Long overdue for an upgrade. (Haven’t bothered looking at new games for a few years now, and video encoding takes just a bit longer than is reasonable. Other than that, it gets the job done.)

In the next couple of months, I’ll probably spend half as much putting together a P4 system with ten times the clock speed and twice the HD space – and then run it into the ground until I get the same “You’re still using a what?” looks from people about it. :smiley:

Hm, I have a compaq bought from the navy exchange back in 97, still chugging along, being used as an email and internet box for pretty much anybody who needs to go online. Never modified and exceedingly stable. Never crashed, still running the original software package of windows 95 and whatever else compaq loaded it with=)

Next is my laptop, a HP pavillion that I bought from the online HP store in 2002, is chugging along fine except for the small incedent of the roomies cat pissing in it. Screen is trashed out but we have it hooked up to an old monitor. It has issues right now, refusing to recognize any form of keyboard so it is about to get dissassembled and checked out as my brother wants an email and cd/dvd burning computer [he has an external dvd burner from sony, and the hp has an internal dvd player/cd recorder in it.] It was a very good outlay of money, and i dont regret spending the $1500 for it.

our 3d computer is the bastardized descendant of a box I had made for me in 1995. The case is the only thing that is original, everything else has been replaced over the years. Oh, the 3.25 drive is original, as is the ancient cd drive. Somewhere in the house I have the original HDD. It still has windows 3.1, netscape 2 and an ancient version of norton on it=) and i think the game loaded into the hdd is eye of the beholder 1.

I have 2 amigas, a 1000 and a 500, with the add on hdd for the 500. They both still work and the only reason I changed over to PC was to get online, and they pretty much stopped supporting the amiga and it became impossible to get new games and programs=(

I just built a new computer using a barebones soyo that i got for christmas in 2004, and the money from christmas 2005. I will probably be building my own computers from now on, it is sort of fun [despite a bit of a problem with the HDD i bought, but we got that solved] though I do want to get a new laptop for traveling.

Mine cost about $1400 2 and a bit years ago.

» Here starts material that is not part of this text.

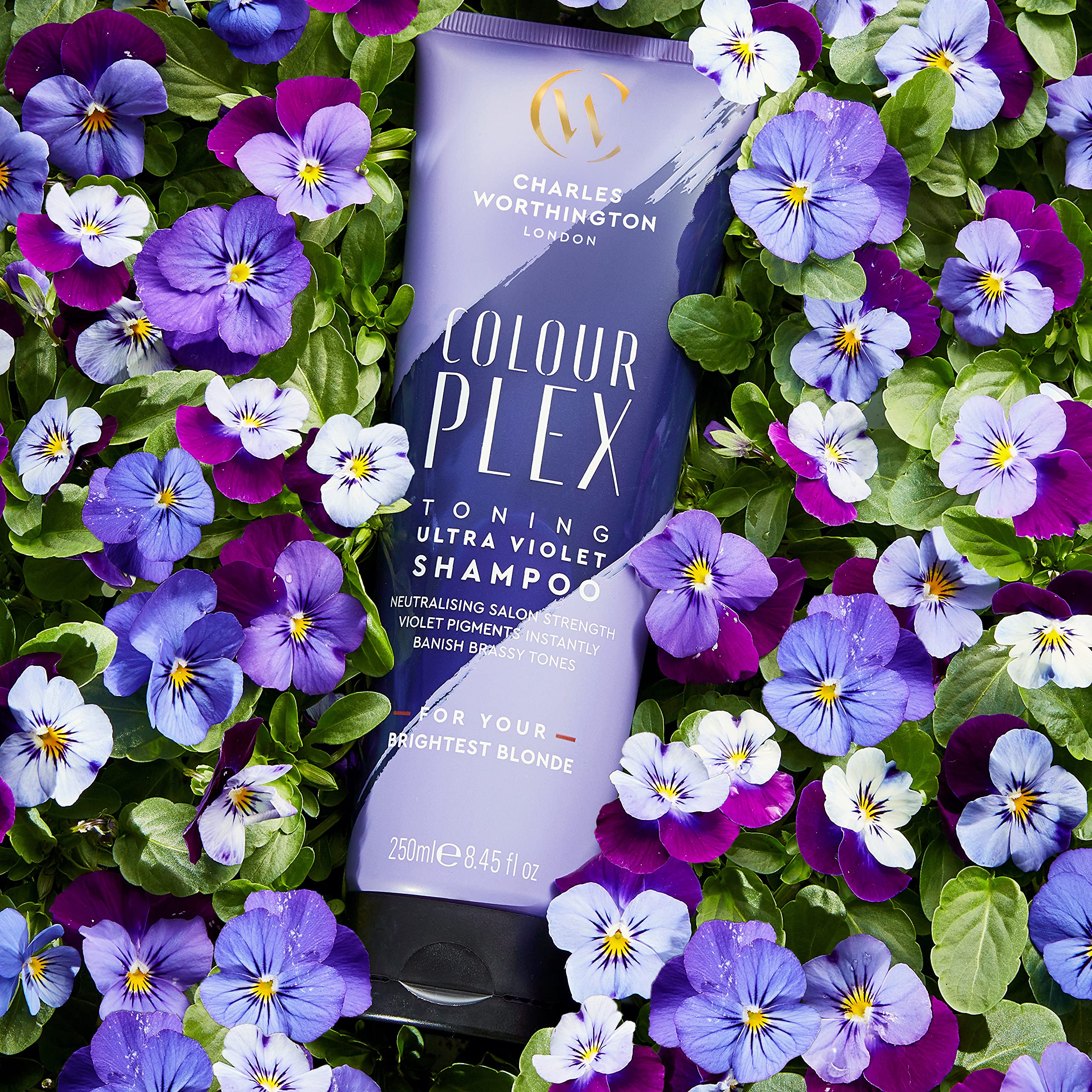 Charles Worthington Colour Plex Toning Ultra Violet Shampoo 250ml for Bright Blonde Hair 6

My father just bought a bigger and better one for $700 but I don’t begrudge one penny that I spent on mine. I also can’t see any reason to upgrade it, most business apps run better on it than the network at work and who can ever complain about broadband net access?

Mine is about 8 years old I think. The only thing I don’t like about it is that it runs ME, which I hate. The computer itself has been problem-free. My husband bought it for me, and I think he paid around $1200 for it.